Given the strong growth posted by the Canadian economy in January (GDP up 0.6 percent month-on-month), it's something of a surprise to find the IMF downgrading its growth expectations for the full year. The fund is now looking for GDP to grow only 1.5 percent this year -- barely above last year's 1.2 percent, when the media were full of talk of a "technical recession" -- with modest further acceleration to 1.9 percent in 2017.
Multinational bodies like the Fund are notorious for the slow process by which they produce their forecasts. It's very likely that this downgrade reflects the situation back at the start of the year, when oil prices were low, the Canadian dollar was at rock bottom and there was no sign that the "rebalancing" of the economy hoped for by the Bank of Canada was anywhere in sight.
What with the January growth number, strong March employment data and evidence of a recovery in manufacturing exports, things look rather different now.
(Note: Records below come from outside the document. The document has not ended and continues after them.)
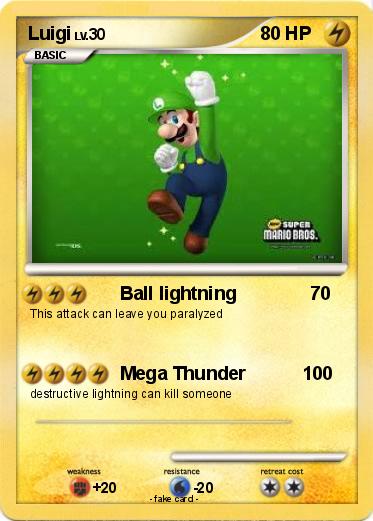 Pokemon Luigi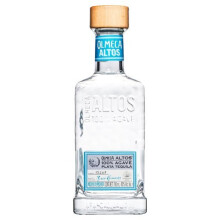 Olmeca Altos Plata Tequila 70cl 100% Agave Blanco from Los Altos, Jalisco 38% ABV Ideal for Margaritas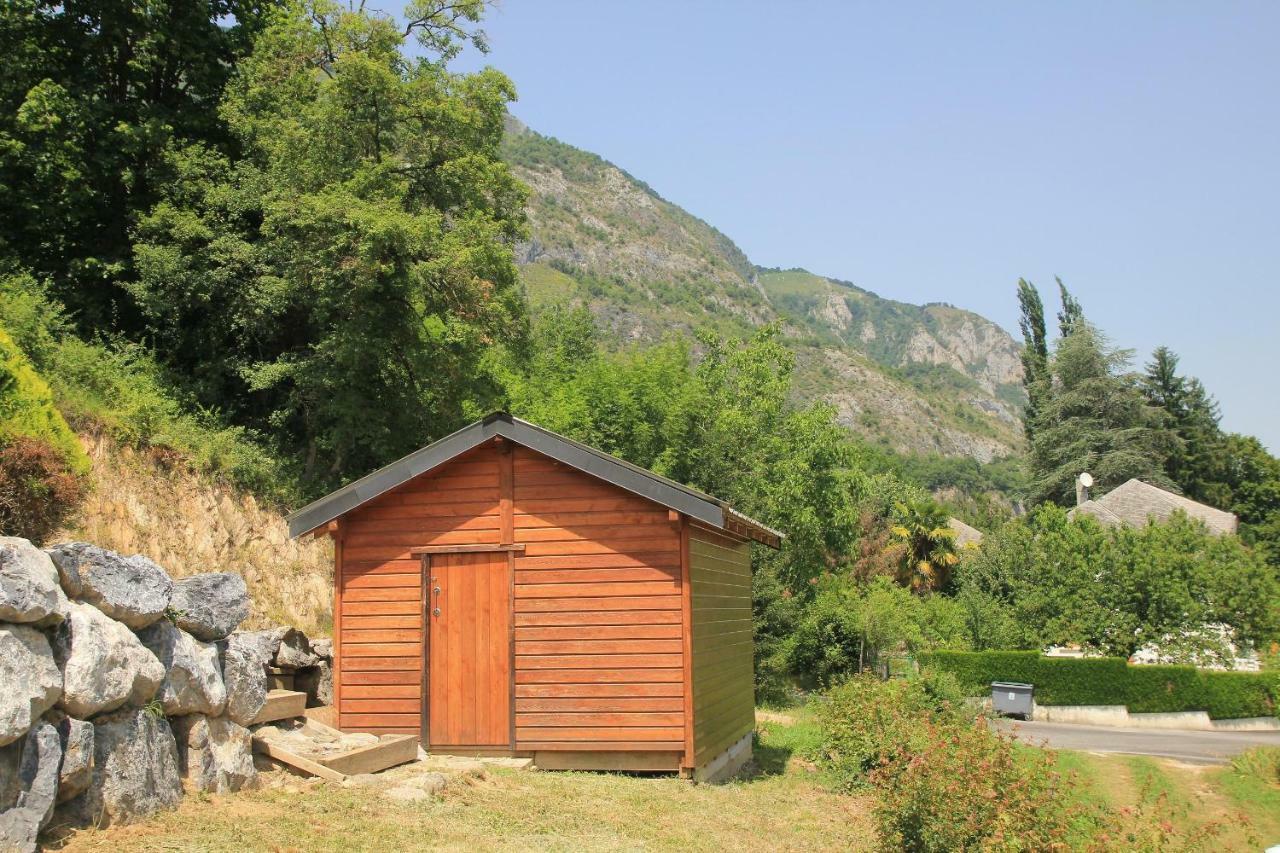 Gîte Le Bédat Ayzac-Ost Exterior foto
Certainly that's how the markets see things, with the Canadian dollar today trading north of 78 cents (US), its highest level in more than nine months.
All this sets the stage for the Bank of Canada's monthly rate setting meeting on Wednesday. We can expect Governor Poloz to offer his opinions on the recent Federal budget, which appears to take some of the weight off of monetary policy in terms of getting the economy onto a stronger growth track. Poloz is also likely to suggest, politely of course, that the government's ultra low growth forecast (just 0.4 percent per year) is almost certain to be overshot by a considerable margin. At the same time, he is likely to signal that rates will remain at current levels for the next year or so -- and the updated IMF forecast, if nothing else, gives him fresh justification for the Bank's cautious approach.